An utterly failed attempt to find a 1000x flaw in Bitcoin energy consumption research

BITCOIN ESTIMATED TO USE HALF A PERCENT OF THE WORLD’S ELECTRIC ENERGY BY END OF 2018

The Bitcoin network can be estimated to consume at least 2.55 gigawatts of electricity currently, and potentially 7.67 gigawatts in the future, making it comparable with countries such as Ireland (3.1 gigawatts) and Austria (8.2 gigawatts)

ERRATA: I thought it’s 1.372 W, but it’s actually 1,372 in US notation, which explains 1000x difference. Stupid me. Bitcoin will eat the world and we all gonna die.

The reality is that Bitcoin miners consume about 3 megawatts (1000x less than claimed) which is 1/10000th of a percent of world electricity consumption. To put this into perspective, the solar panels of Apple Park in California produce 17 megawatts. In other words, Apple Park consumes 6x more electricity than the entire Bitcoin mining.

It is rather easy to estimate the energy cost of Bitcoin proof-of-work computation:

1. Take the modern miner, assuming that most miners are using the latest hardware (as less efficient one is quickly outcompeted due to neverending race to produce more efficient machines).
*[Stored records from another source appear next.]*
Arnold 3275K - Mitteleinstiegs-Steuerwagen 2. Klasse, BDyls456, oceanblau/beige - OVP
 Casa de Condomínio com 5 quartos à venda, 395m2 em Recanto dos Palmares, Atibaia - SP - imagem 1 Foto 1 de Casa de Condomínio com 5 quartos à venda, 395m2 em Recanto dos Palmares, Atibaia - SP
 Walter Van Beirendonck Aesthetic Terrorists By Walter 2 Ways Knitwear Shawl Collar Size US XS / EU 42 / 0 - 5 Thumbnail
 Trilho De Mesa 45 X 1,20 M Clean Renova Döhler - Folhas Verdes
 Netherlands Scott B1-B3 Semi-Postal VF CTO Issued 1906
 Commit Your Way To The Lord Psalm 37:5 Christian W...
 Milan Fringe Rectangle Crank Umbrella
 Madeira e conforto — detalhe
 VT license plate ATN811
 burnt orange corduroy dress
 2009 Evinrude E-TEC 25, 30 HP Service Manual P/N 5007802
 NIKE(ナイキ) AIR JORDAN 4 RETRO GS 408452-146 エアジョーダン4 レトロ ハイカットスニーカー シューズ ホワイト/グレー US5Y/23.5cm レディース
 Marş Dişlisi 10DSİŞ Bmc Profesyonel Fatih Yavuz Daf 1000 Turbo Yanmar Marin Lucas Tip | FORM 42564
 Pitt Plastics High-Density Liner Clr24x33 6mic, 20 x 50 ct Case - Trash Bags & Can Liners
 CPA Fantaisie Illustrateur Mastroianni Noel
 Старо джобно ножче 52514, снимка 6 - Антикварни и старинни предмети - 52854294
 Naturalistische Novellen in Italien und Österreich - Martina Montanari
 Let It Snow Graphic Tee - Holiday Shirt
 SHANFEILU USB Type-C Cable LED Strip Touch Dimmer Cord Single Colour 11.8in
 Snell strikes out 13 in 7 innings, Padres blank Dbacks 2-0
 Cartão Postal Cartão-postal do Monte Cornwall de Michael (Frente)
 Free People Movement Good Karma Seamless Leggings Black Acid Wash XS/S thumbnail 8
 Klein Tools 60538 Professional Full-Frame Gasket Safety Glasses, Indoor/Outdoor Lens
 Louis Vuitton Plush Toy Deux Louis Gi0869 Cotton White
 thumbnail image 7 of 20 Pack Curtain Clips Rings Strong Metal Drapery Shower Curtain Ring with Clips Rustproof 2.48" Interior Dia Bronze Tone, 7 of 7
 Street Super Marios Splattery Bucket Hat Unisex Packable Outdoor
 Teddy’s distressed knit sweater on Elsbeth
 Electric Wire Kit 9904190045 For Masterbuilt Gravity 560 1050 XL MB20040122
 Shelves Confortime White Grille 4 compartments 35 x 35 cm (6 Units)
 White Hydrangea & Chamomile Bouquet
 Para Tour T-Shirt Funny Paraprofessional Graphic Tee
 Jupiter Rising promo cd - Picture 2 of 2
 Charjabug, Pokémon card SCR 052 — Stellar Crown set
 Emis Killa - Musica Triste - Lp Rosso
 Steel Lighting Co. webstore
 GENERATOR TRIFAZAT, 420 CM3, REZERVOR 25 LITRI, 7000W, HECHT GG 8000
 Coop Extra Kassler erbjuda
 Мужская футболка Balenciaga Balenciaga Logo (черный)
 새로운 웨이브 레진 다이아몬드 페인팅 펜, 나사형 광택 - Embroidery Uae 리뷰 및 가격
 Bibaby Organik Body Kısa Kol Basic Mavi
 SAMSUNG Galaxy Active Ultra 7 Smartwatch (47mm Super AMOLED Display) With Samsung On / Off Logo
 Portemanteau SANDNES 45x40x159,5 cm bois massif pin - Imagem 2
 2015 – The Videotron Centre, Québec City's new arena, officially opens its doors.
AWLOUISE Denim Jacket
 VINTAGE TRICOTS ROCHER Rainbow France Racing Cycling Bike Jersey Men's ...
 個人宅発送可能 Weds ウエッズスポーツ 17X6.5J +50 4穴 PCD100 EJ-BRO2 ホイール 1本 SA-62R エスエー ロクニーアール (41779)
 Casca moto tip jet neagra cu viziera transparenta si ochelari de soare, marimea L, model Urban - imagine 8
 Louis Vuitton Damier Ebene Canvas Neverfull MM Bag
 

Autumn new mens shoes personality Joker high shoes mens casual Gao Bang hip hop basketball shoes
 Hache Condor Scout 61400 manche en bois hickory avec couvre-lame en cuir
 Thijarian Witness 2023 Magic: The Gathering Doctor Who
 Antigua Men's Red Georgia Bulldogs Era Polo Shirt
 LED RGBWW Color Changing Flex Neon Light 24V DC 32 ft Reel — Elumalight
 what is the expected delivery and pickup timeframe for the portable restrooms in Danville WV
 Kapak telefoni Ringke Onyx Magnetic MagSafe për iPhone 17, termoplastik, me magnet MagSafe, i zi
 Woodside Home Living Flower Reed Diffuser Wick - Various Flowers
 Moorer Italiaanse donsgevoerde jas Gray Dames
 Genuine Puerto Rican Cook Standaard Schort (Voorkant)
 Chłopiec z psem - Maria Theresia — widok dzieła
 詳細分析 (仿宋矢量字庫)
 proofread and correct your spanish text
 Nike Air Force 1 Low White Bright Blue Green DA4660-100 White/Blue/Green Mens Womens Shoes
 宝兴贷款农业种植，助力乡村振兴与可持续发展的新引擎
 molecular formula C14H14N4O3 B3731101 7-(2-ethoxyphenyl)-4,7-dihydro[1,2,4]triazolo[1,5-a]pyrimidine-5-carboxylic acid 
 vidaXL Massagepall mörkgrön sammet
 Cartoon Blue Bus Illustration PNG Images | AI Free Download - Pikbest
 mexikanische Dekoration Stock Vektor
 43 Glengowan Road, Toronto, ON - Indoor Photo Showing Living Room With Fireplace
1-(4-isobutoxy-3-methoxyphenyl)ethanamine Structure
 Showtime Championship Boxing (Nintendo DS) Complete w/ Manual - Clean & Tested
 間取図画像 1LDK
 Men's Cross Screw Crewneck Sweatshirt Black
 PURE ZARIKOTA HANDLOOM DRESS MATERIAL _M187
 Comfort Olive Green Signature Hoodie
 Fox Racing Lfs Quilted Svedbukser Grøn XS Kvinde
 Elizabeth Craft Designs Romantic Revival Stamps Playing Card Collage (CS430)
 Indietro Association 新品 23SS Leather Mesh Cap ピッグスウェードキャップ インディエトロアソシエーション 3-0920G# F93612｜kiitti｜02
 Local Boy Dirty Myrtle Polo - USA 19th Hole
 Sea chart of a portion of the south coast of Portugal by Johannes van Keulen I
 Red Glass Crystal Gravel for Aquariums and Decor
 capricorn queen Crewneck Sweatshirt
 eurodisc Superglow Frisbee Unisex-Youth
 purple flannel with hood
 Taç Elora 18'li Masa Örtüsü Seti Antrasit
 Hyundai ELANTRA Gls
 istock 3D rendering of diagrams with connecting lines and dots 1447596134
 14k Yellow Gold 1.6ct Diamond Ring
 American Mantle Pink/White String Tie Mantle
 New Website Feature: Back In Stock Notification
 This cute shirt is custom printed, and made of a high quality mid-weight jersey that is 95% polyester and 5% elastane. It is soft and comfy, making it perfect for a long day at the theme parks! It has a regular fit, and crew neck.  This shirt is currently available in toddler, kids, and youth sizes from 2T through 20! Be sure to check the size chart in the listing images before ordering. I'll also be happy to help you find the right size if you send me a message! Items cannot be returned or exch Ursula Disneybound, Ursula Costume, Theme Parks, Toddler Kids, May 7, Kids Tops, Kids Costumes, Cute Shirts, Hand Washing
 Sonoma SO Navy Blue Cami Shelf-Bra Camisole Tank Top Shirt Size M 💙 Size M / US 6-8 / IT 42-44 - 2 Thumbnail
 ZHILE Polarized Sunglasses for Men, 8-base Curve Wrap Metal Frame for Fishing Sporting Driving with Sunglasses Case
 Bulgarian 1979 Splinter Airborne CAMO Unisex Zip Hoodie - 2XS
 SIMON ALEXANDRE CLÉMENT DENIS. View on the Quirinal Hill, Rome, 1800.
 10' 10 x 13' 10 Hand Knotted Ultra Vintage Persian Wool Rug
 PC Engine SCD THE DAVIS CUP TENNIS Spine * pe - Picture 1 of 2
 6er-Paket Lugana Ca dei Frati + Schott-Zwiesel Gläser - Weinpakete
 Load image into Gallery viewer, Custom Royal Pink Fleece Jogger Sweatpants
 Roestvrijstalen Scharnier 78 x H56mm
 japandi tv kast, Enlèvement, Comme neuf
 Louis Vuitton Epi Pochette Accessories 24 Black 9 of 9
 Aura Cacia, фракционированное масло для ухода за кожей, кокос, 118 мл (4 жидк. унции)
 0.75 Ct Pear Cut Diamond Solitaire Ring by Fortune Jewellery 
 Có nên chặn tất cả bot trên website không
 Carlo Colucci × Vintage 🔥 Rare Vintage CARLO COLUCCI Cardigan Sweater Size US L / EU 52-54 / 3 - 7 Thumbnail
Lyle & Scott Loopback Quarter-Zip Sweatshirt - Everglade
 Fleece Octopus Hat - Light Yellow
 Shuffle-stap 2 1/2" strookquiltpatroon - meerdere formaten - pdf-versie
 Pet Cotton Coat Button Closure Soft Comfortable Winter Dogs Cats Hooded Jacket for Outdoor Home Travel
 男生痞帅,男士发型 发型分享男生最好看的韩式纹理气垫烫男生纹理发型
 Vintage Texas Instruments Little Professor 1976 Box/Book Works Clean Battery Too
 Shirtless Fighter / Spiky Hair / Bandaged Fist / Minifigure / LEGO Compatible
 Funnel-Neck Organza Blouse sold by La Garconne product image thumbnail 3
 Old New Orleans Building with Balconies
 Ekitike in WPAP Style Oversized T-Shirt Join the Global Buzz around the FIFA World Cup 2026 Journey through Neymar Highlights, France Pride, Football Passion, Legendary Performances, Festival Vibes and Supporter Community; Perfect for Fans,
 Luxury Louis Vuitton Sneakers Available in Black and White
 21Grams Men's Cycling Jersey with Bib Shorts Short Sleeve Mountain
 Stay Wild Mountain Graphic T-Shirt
E.g. AntMiner S9 produces 14 terahashes per second consuming 1.3 watts. Slightly older AntMiner T9 produces 12.5 TH/s at 1.5 watts. These specs are public and Alex de Vries uses them too in his paper.
2. Look at the actual bitcoin network with recent difficulty. It’s pretty easy to calculate the expected number of hashes that must be computed on average in order to solve the block. Today it is 33 399 541 TH/s. Note that this is not some back-of-the-napkin calculation, but a very precise average based on precise difficulty parameter.
3. Divide total network hashrate (33 million TH/s) by individual miner’s output (14 TH/s) and multiply by the required power (1.3 watts). You’ll get 3-4 megawatts.
4. It’s a lower bound, but it’s a reasonable one, as much more inefficient miners could not be the majority, and the major miners are more likely to be running more efficient machines that they produce themselves, that people do not know about yet. No way you can stretch this into 2.55 gigawatts as Alex de Vries claimed.

Global electricity consumption is over 2200 gigawatts which makes Bitcoin mining with 0.003 gigawatts consume 1/10000th of a percent of world electricity. And the world consumes 8x more energy than just electricity overall. For instance, Ireland consumes 3 gigawatts of electricity, but total energy consumption is 17 gigawatts. This is relevant when people emotionally discuss overall effect of Bitcoin mining on the environment.

May 24   bitcoin
7 comments
Daniel Goldman

That’s quite a huge discrepancy; can you summarize where it is, in your opinion, that the researchers you linked went wrong?

Oleg Andreev

I’ve mistakenly treated US comma in 1,372 W for decimal point. So there is no 1000x error.

X

Alex de Vries findings are based on flawed assumptions http://blog.zorinaq.com/serious-faults-in-beci/

grapeson

Why would you leave the title of this post up without a correction. You know people are still linking to this as proof bitcoin doesn’t use much electricity?

Even if that was the case it would be dumb. If you can 51% attack the network for 3.1 megawatts of electricity that only costs a few hundred bucks an hour.

Oleg Andreev

Good point, fixed.

John

Glad to see the correction – I agree with grapeson, it would be horrible if the electricity used to power Apple’s office park would be sufficient to attack the network. Thankfully, it requires much more, and is forecast to grow, as it is proving to be a wise use of energy.

Dean

Here is my take on it:
From bitinfocharts.com the present hashrate of Bitcoin is:
33.885 Ehash/s or 33885 Phash/s or 33864000 Thash/s
Assuming all miners have Antiminer S9 with 13.5 Thash/s and 1400 watts then we have:
Present hash rate 33864000 Thash/s divided by 13.5 Thash/s for each Ant S9 and we have
2508444 Antminers S9 times 1400 Watts/Antminer s9 we get 3511822222 Watts or 3511822 KWatts or
3511 MWatts or 3.5 GWatts Minimum, since there are a lots of miners that still use old equipment

Chris

Ok now calculate the carbon footprint of those GWatts, assuming maybe 10% of hashrate is on wind/solar/water and the rest is on oil/coal.

rob freda

You use kWh, not KW. KW is the equipment rating that produces what you use. A bit coin takes 48,000 kWh to produce now (1/12th of the block). When the reward switches to 6.5 that will double. The reason Quebec Hydro kicked the crypto miners out was they were sucking about 20% of system energy. Bitcoin mining is on the GW scale, not MW.